Wednesday, July 13, 2016

South Korea holds rate, sees improving consumption

    South Korea's central bank left its base rate steady at 1.25 percent but sounded more upbeat about domestic demand by saying consumption appeared to be improving in contrast to its view from last month when it said consumption had weakened.
    The Bank of Korea (BOK) surprised financial markets in June by cutting its rate by 25 basis points in what it described as a preemptive move to weather any negative impact from corporate restructuring.
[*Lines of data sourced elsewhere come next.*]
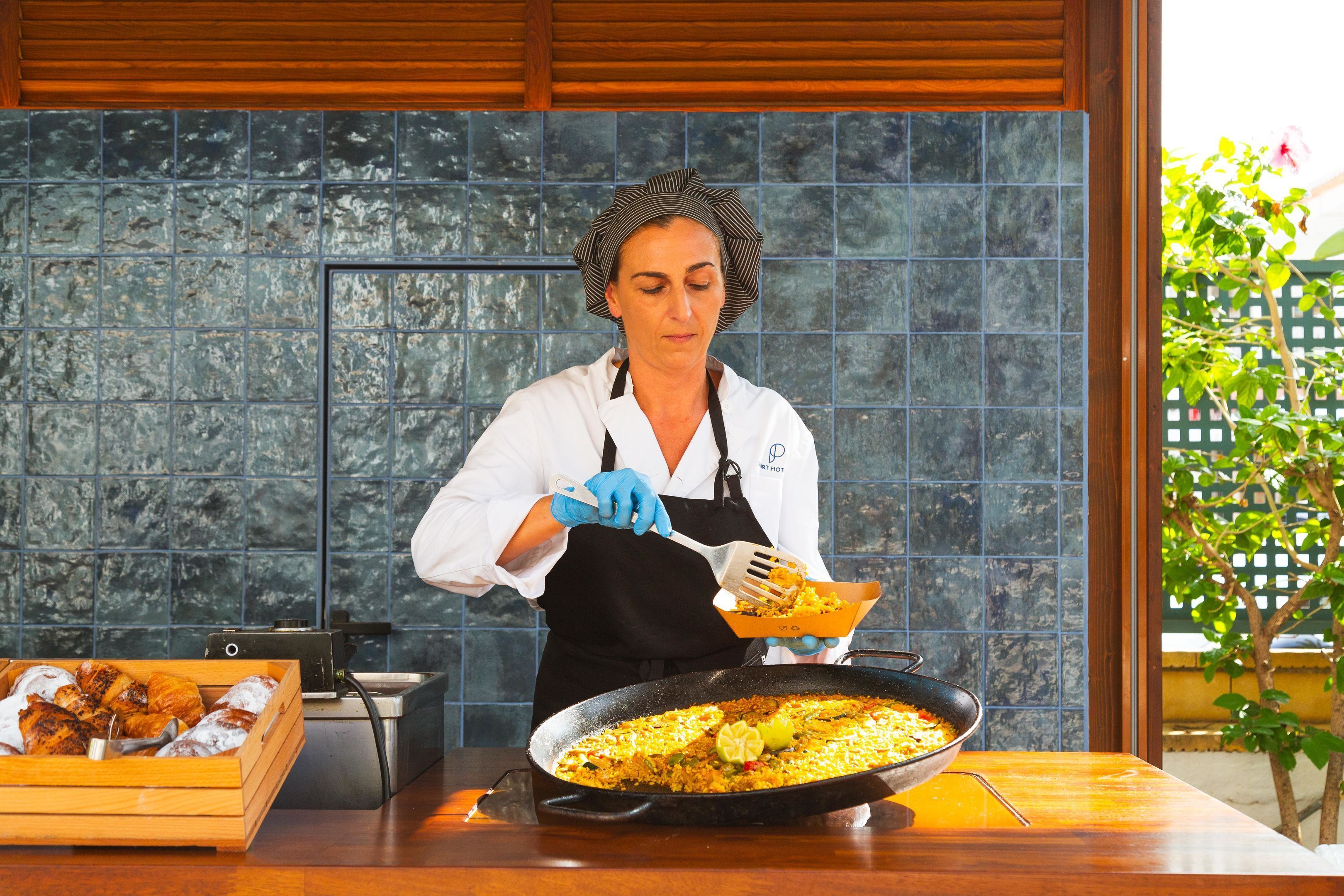 Un chef preparando una gran sartén de comida en una cocina con salpicadero de azulejos y encimera de madera.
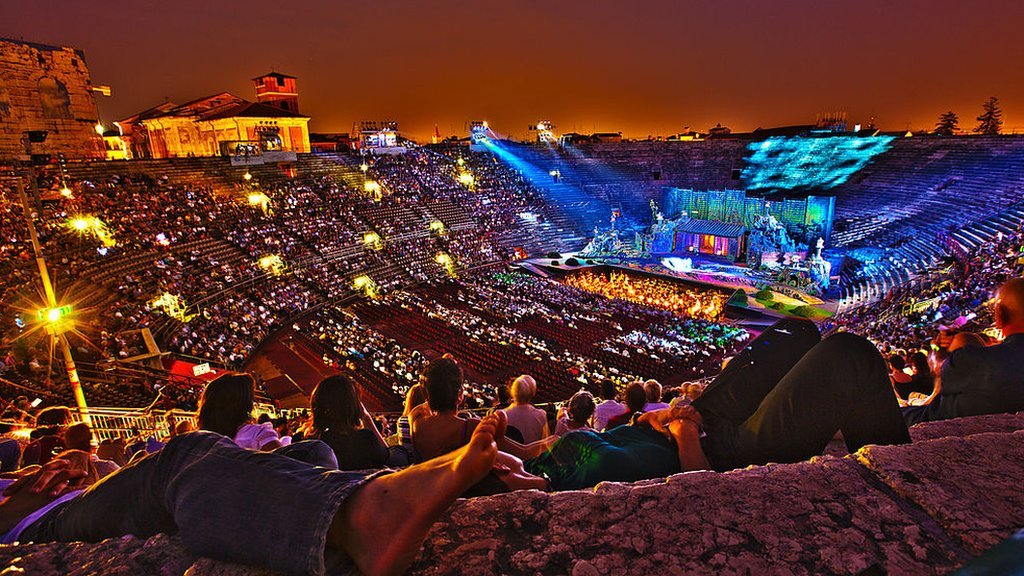 La ópera "Madame Butterfly" de Giacomo Puccini se toca en la Arena de Verona y los visitantes se relajan en los escalones de piedra. La famosa Arena di Verona es popular por el festival anual de ópera en verano.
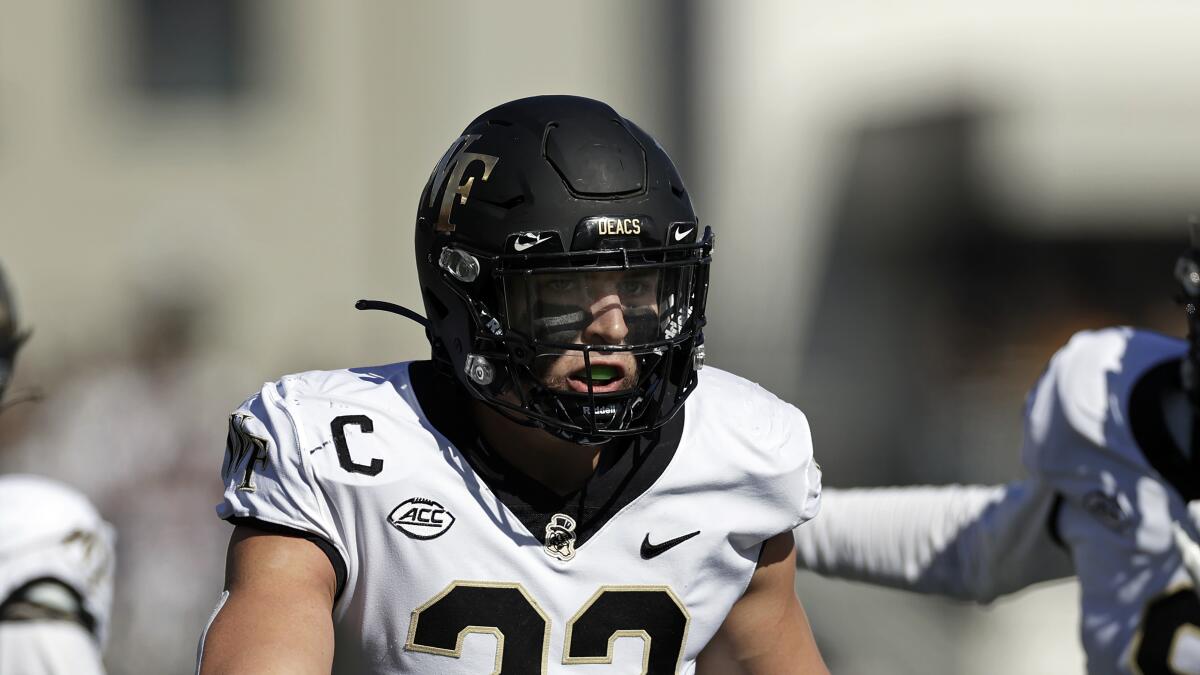 Army running back Anthony Adkins reacts against Wake Forest.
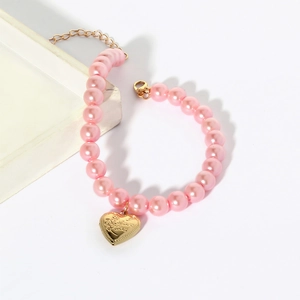 Detail of pink pearl pet necklace with golden heart lock pendant and lobster clasp closure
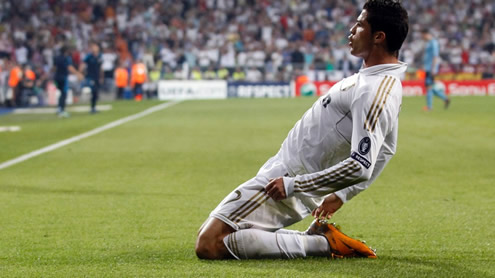 Cristiano Ronaldo going for his knee sliding celebration in a Real Madrid match for the UEFA Champions League, in 2011-2012
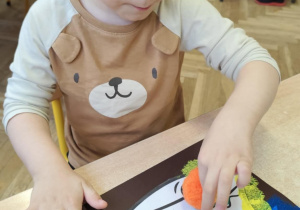 Chłopiec odbija gąbeczkę z farbą na kolorowym kartonie.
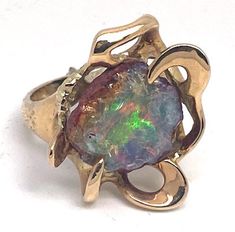 "Lady's vintage opal and yellow gold freeform ring. Beautiful ring with a free form black opal set in the center of an abstract design. This piece weighs approximately 14.0 grams, is stamped \"14K\", and ring size is approximately 9. It is in good condition and would make a beautiful addition to your vintage jewelry collection." Freeform Ring, The Witcher Geralt, Beautiful Ring, Black Opal, Opal Jewelry, Rings Statement, Abstract Design, Beautiful Rings, Statement Rings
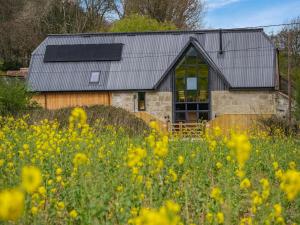 a barn with a field of flowers in front of it at The Hideaway in Yarmouth +10 photos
Last year the BOK cut its rate twice for total cuts of 50 basis points.
    The BOK added that it was closely monitoring the increase in household debt, the effects of Britain's decision to leave the European Union (EU), the changes in the monetary policy stance of major countries and corporate restructuring.
    Despite signs of improving consumption, along with a fall unemployment, the BOK said the sentiment of economic agents remained sluggish and the trend of decline in exports had continued.
    Korea's unemployment rate dropped slightly to 3.6 percent in June from 3.7 percent in May, continuing the decline from 4.1 percent in February.
    "The Board forecasts that the domestic economy will sustain its trend of modest growth going forward," the BOK said, adding this was mainly due to the expansionary government policy.
    In contrast to June, when the BOK said the downside risks to growth had "expanded", the BOK said today that uncertainties surrounding the growth path were "high" due to international and domestic conditions.
    In its Economic Outlook from April, the BOK forecast 2016 average growth of 2.8 percent, up from 2015's 2.6 percent, and 3.0 percent for 2017. Exports were seen rising 0.8 percent this year, up from 0.5 percent last year, and then by 2.7 percent in 2017.
   Korea's economy expanded by an annual rate of 2.8 percent in the first quarter of this year, down from 3.1 percent in the fourth quarter of last year.
    South Korea's inflation rate was steady at 0.8 percent in June but the BOK appeared to upgrade its view of inflation, saying it will gradually rise as the effects of low oil prices diminish. Last month the BOK said inflation will continue at a low level under the influence of low oil prices.

    The Bank of Korea issued the following statement:

"The Monetary Policy Board of the Bank of Korea decided today to leave the Base Rate unchanged at 1.25% for the intermeeting period.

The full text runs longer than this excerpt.